Poets & Their Kind

Updated: Jul 23

1.

It’s a peculiar situation that writers find themselves in, isn’t it? We work in solitary, spiritual prisoners of our own devising, away even from others doing the same work—even artist colonies keep us apart during the work day.  

But then, after that day’s work ends in inevitable failure or the startle of success, we want others around, even need them around.  But we want this in a special way:  because we do not necessarily want them around as real entities.  

We want (maybe I should say, I want) the idea of others, that is, the idea that they could be there, whether they are or not.  And we want them there not to lament the failure or to rejoice in the success, but to be there, part of the world that comes after the writing.

I said the situation was peculiar.  Maybe I should have said strange.

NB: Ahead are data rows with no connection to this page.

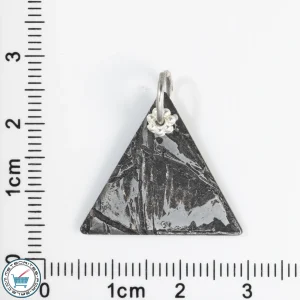 Aletai Meteorite 3.3g Pendant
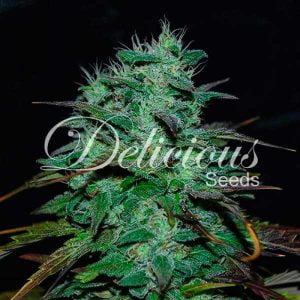 Delicious seeds chocobang photo fem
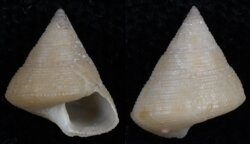 Calliostoma africanum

This idea of the community of others is one kind of  informal, virtual, but necessary community.  There is another kind, the factual or real community, created, ongoing, institutionalized:  an actual thing.  It is the kind produced by and from writing workshops, and readings, and teaching—by intention and effort.  

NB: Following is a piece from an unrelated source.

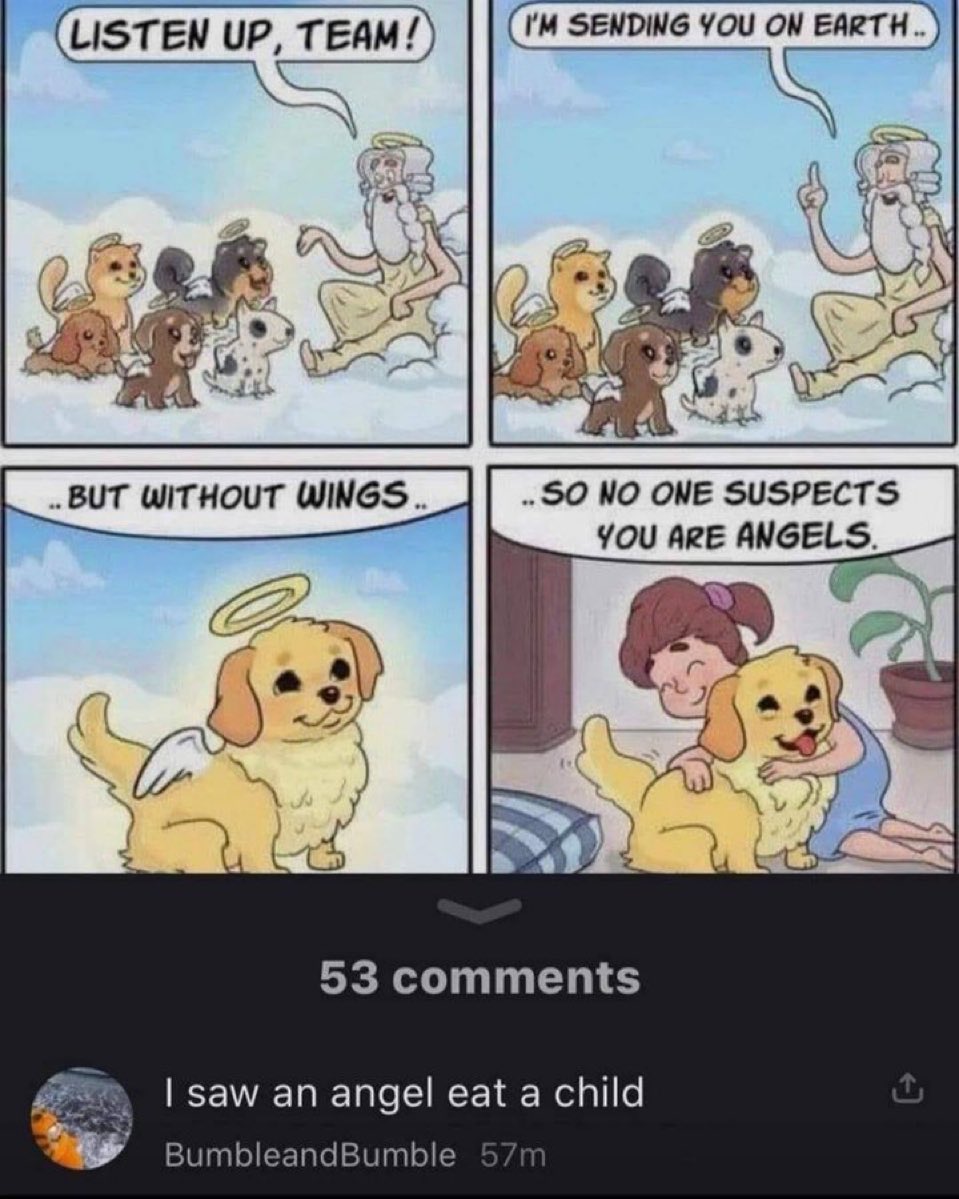 chaotic memes (@memechaotic) on Twitter photo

Both are important, both necessary.  I want to explore notions about them in this post.  


2.

The situation of the poet is that we practice our sullen art (apologies to Dylan Thomas for dropping the “craft” of his characterization in favor of the option) alone, in an effort that is not and cannot be communal.

The art requires our journey into darkness as individuals who carry only what we are, seeking to bring something back into the light.  Our fidelity to that experience makes our poems true for us in the moments of creation and for those who will later read what we have made.

The work is ongoing, of course.  There’s a line of Paul Valery’s that captures the necessary intensity of the work as well as the inevitable failure of the effort: “A poem is never finished,” he says, “it is only abandoned.” I love that.  

It is our failures—for every poem fails its inspiration—that we must live with and acknowledge, afterwards, if we are honest.  They are not sharable, except as an accumulated weight, a burden we carry until the next poem is finally abandoned, and the burden is replaced. 

The journey and the fidelity to it, the failure of abandonment, the solitariness, the success, and so much else specific to the task, are what make the writing life different than others.  

What I say here applies to other artists as well, I think; but I am not a painter, sculptor, and do not engage in other arts, so I cannot speak with much certainty about them. 


3.

Here’s the thing I want to stress:  that every other human activity I can think of, even the most abstruse, has its stresses and strains, its pressures, its integrity; but all have at least the comfort of collaboration.  The experience of poets is unique to the poetry community, and even unique, sui generis, to each writer.  

So who else can we share it with at day’s end except another writer, someone who could understand the experience in the way we do?   I don’t mean we want or need to talk about it, though of course some do; only that there is a common knowledge, a common frustration that brings and binds us together, that is the bridge between us.  The secret is that we could talk about it, whether we do or not.

In my case, it is after creation of the work, or more likely, after a day of work at the process of creation (for per Valery, the process does not end) that community becomes important.  What do I want at that point? Everything. Nothing. Contact. Appreciation and support, I suppose.